TASK ITEM: Repeat precisely the line in which "Jaguar XF 4dr Sdn Portfolio 2012" occurs and all lines that follow it in the entries below. Pictures must be omitted.

== PROVIDED RECORDS ==

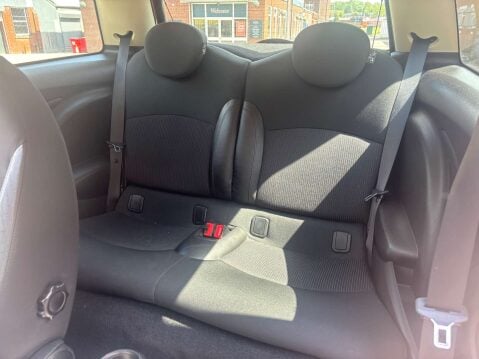 Mini Hatch 1.6 One 3dr 29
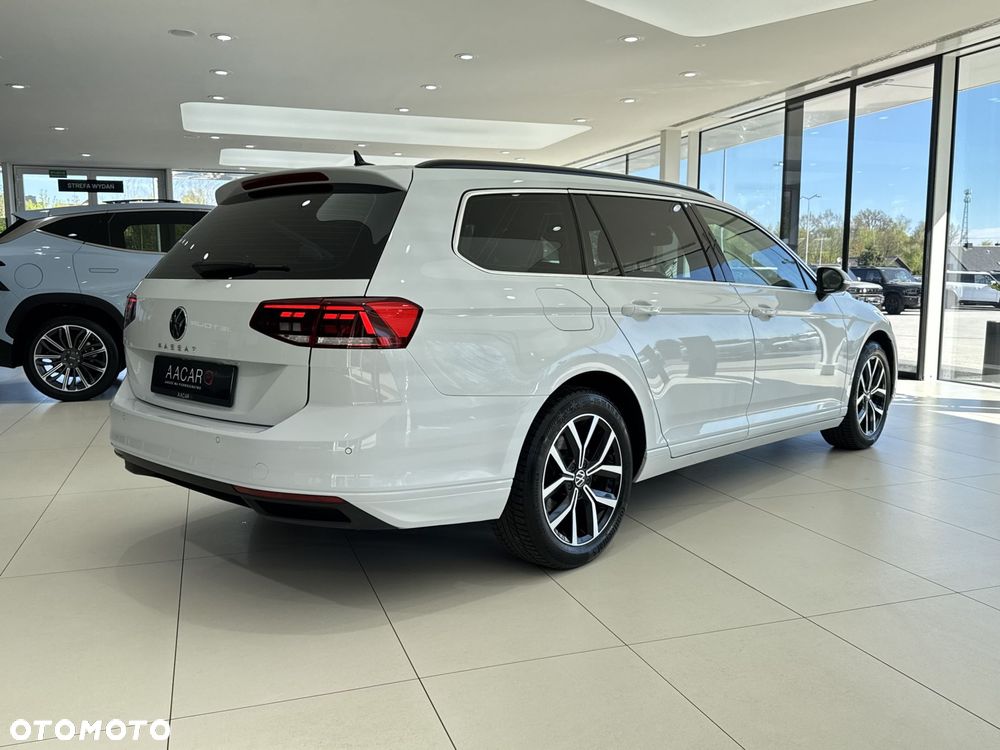 Volkswagen Passat - 5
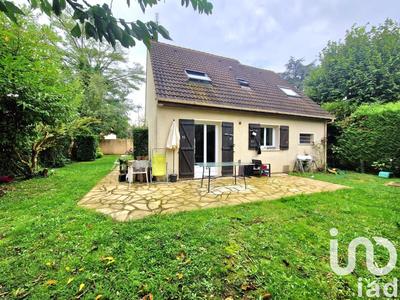 Maison - 93 m² - 5 pièces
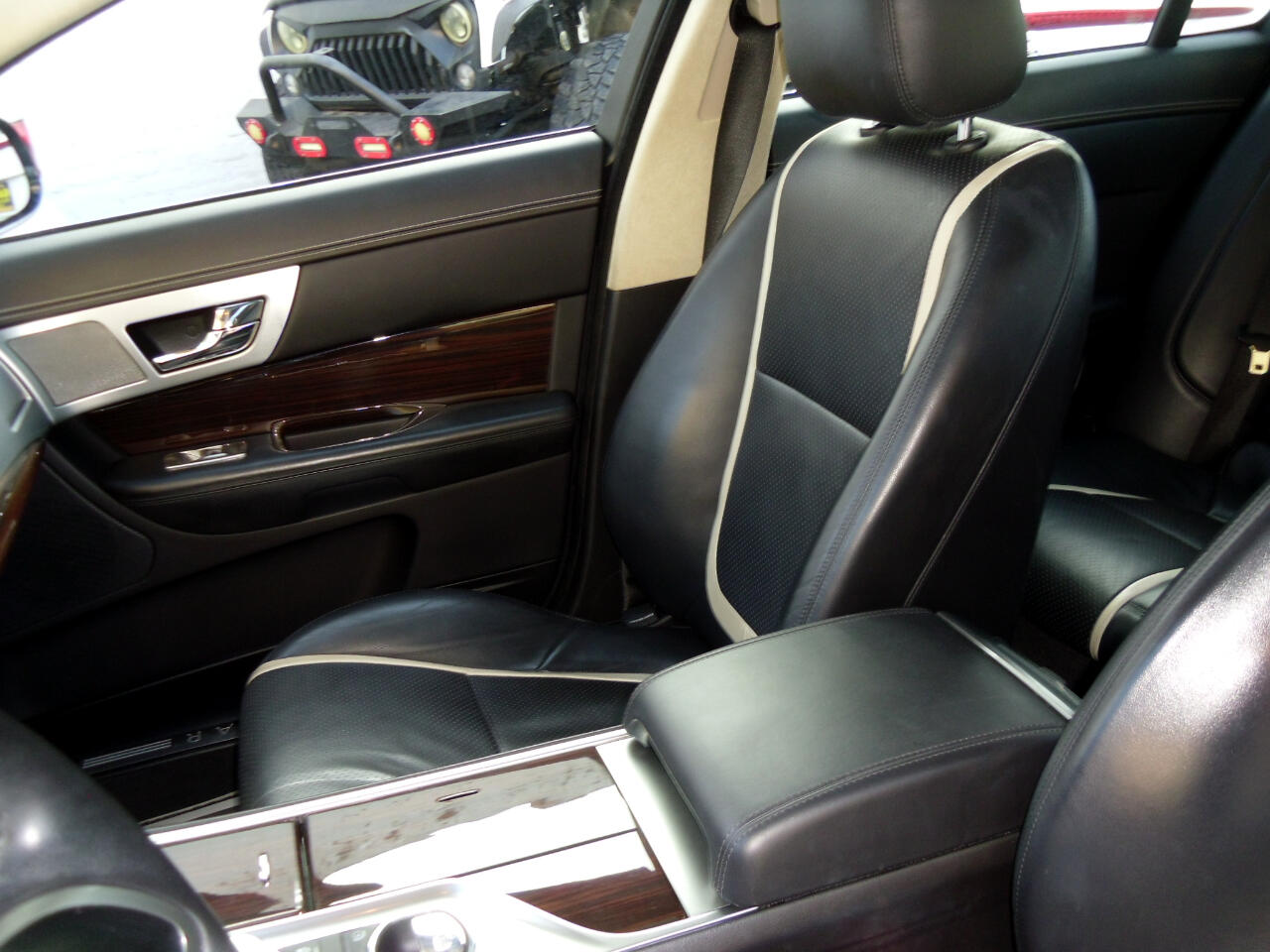 Jaguar XF 4dr Sdn Portfolio 2012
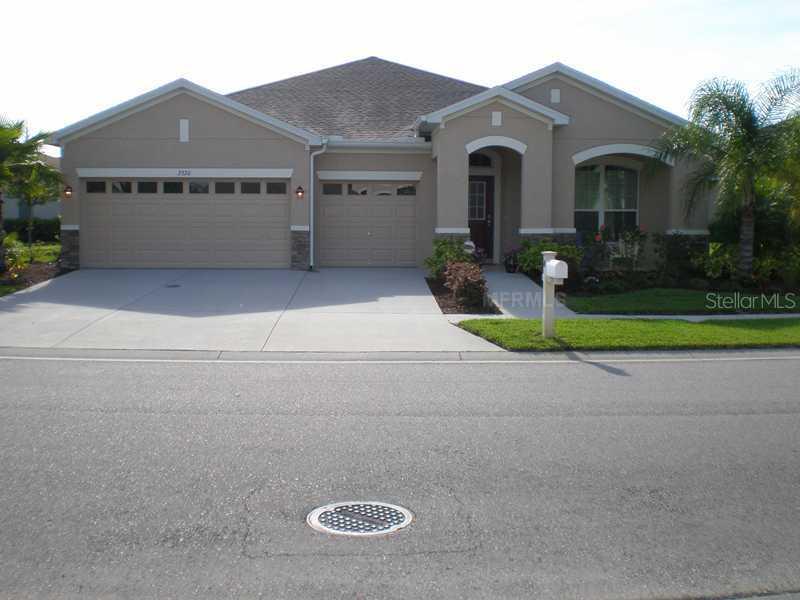 2320 Nesslewood Dr., Wesley Chapel, FL 33543
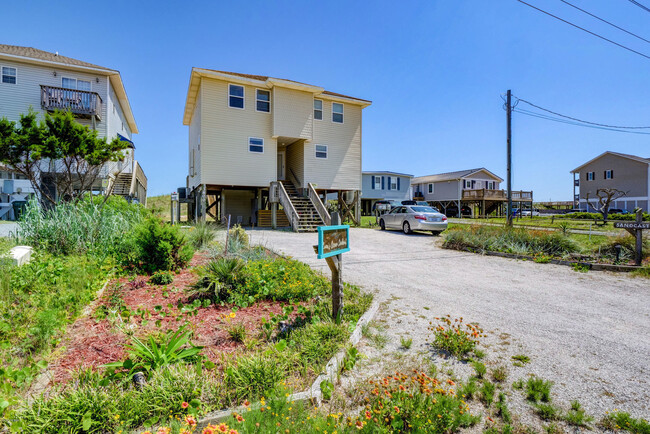 3800 Island Dr in North Topsail Beach, NC - Building Photo - Building Photo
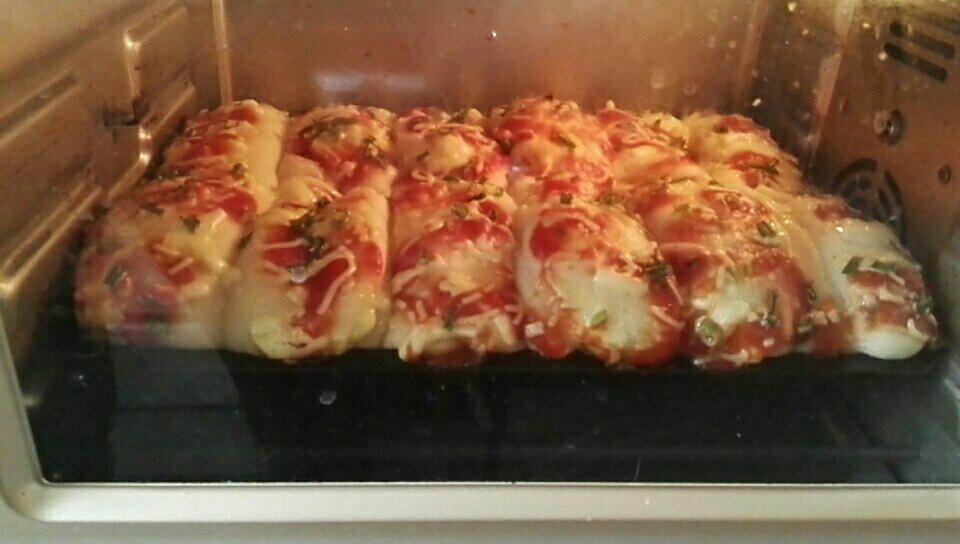 咸口香葱芝士面包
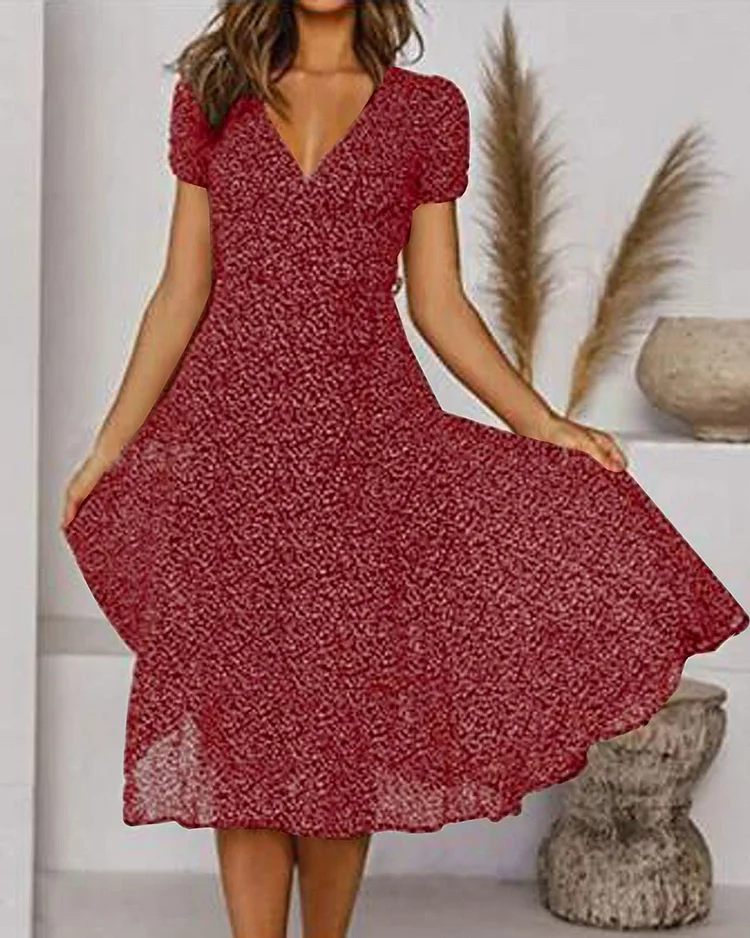 Abito in chiffon da donna Élise – Stampa floreale leggera, scollo a V e vestibilità estiva fluida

===

RESULT OF THIS TASK:
 Jaguar XF 4dr Sdn Portfolio 2012
 2320 Nesslewood Dr., Wesley Chapel, FL 33543
 3800 Island Dr in North Topsail Beach, NC - Building Photo - Building Photo
 咸口香葱芝士面包
 Abito in chiffon da donna Élise – Stampa floreale leggera, scollo a V e vestibilità estiva fluida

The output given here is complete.